Buchner was ordered to lead a search for van Eyck's Ghent Altarpiece, which had been moved from Belgium to unoccupied France for safekeeping from war. The altar was stored in a local museum in Pau, France, until the Reich Chancellery ordered its transport to Germany in June 1942. Although the transfer took place with French cooperation, and Buchner testified that the goal of the seizure was only to protect the painting, according to historian Jonathan Petropoulos, it was "[not so] ambiguous ... that the Germans were claiming ownership of the masterpiece". A similar expedition to seize Dirk Bouts' The Last Supper triptych in Leuven was also led by Buchner.

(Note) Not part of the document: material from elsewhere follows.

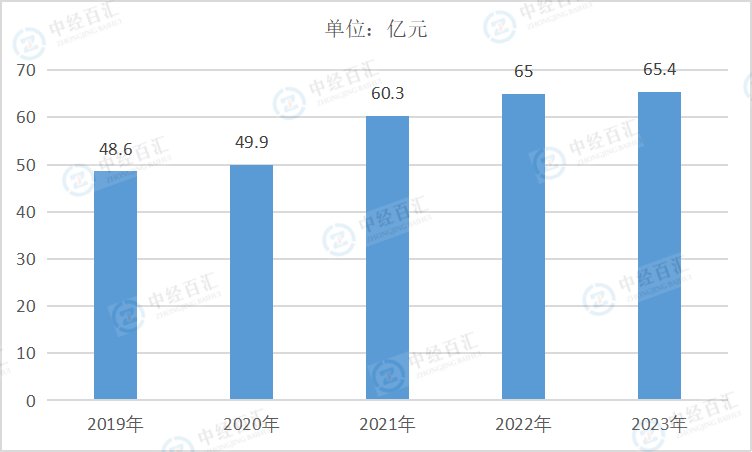 2019-<k>2023</k>年中国其他制造业销售费用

As World War II bombings threatened to damage art collections, the Nazis moved their collections to safer sites. Buchner recommended that art taken from Parisian Jews be stored in the Dachau Palace or the Neuschwanstein Castle. The latter was chosen by April 1941, and along with the confiscated art about 2,000 pieces from the BSGS collections were moved there. (By the end of Buchner's directorship of the BSGS, the museum network had about 12,000 paintings.) Buchner was on a committee that recommended the use of a salt mine near Altaussee for storage, travelling there in December 1943 to review its suitability. The Nazis ultimately stored 6,577 paintings, 137 sculptures, and 484 crates of other art at Altaussee, and there was very little loss of BSGS collections from war damage. As the war took its toll on Germany, Buchner avoided intra-party conflict regarding the fate of the storage sites. There were plans to blow up the mines if they were likely to fall into Allied hands (which they did), but no site met this fate.

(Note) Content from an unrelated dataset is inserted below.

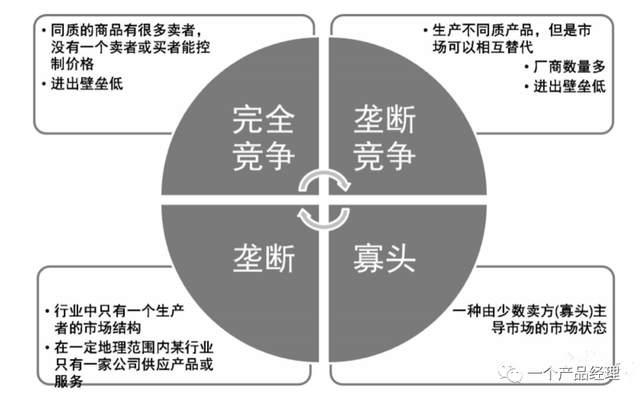 Ϊʲôҵ��������һ��͡����ˡ���-7����ҵ��������������������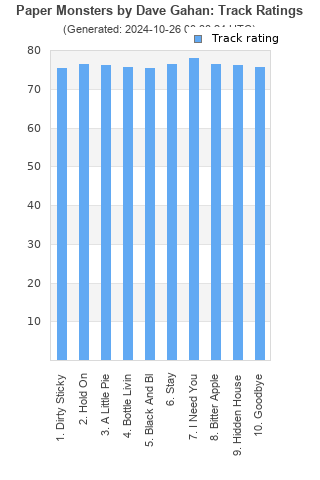 Track ratings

==Post-war rehabilitation==
Following a few months in which Buchner's whereabouts are not certain, he was arrested by the Americans on 18 June 1945. He was interrogated by the Office of Strategic Services, an intelligence branch of the U.S. government with a division that investigated art looting. Buchner cooperated with interrogators, and an OSS report summarizes their findings; these reports are important primary sources for art historians of the Third Reich. In May 1945, Buchner had been removed from his position at BSGS, and he would have to go through the denazification process if he wished to work again as a civil servant in the Federal Republic of Germany.

At his 1948 trial he was deemed a "fellow traveller" (Mitläufer) of the Nazi Party, the second-most exonerating finding in a system with five categories of verdict. Evaluation of his past work at the trial and in the press found "ambivalent behavior" with respect to his sympathy to the Nazi Party. While he had, for example, accepted an honorarium of 30,000 Reichsmarks from Hitler for recovering the Ghent Altarpiece, he was credited with avoiding the most ideologically extreme positions of the Third Reich with respect to the arts. For example during his directorship at the BSGS, he pushed back against ideological exhibitions, and had been criticized by hardliners for doing so.

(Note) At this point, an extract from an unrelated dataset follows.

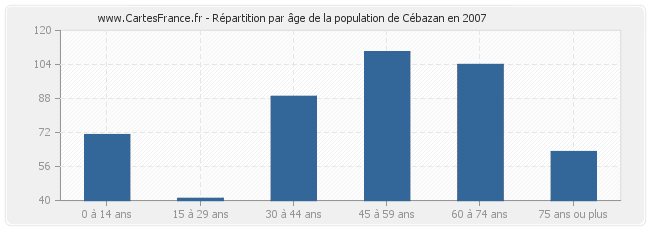 Répartition par âge de la population de Cébazan en 2007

Buchner wanted to rehabilitate his career, and was largely successful in doing so. The former director applied for his old position, which already had an incumbent. In the meantime, he received government support for his research. Eventually, with the retirement of the incumbent, he was reappointed as the head of BSGS on 1 April 1953. This was not without controversy. It was feared that his sympathies with Nazi ideology were deep and pointed to Hitler's honorarium and his involvement with the theft of art.

Supporters emphasized his undisputed expertise, his role in the protection of artworks during World War II, and his abiding interest in rebuilding German culture, including the replacement of damaged museums (respecting their original architecture). The criticism did affect his reputation. The Bavarian Education Ministry, which now oversaw museums, would not extend his contract beyond his formal retirement age of 65. Thus he retired in September 1957, having been given an extension to finish the re-opening of the Alte Pinakothek.

He spent the remainder of his life researching and writing, and died in June 1962 while working on a five-volume study of German panel painting.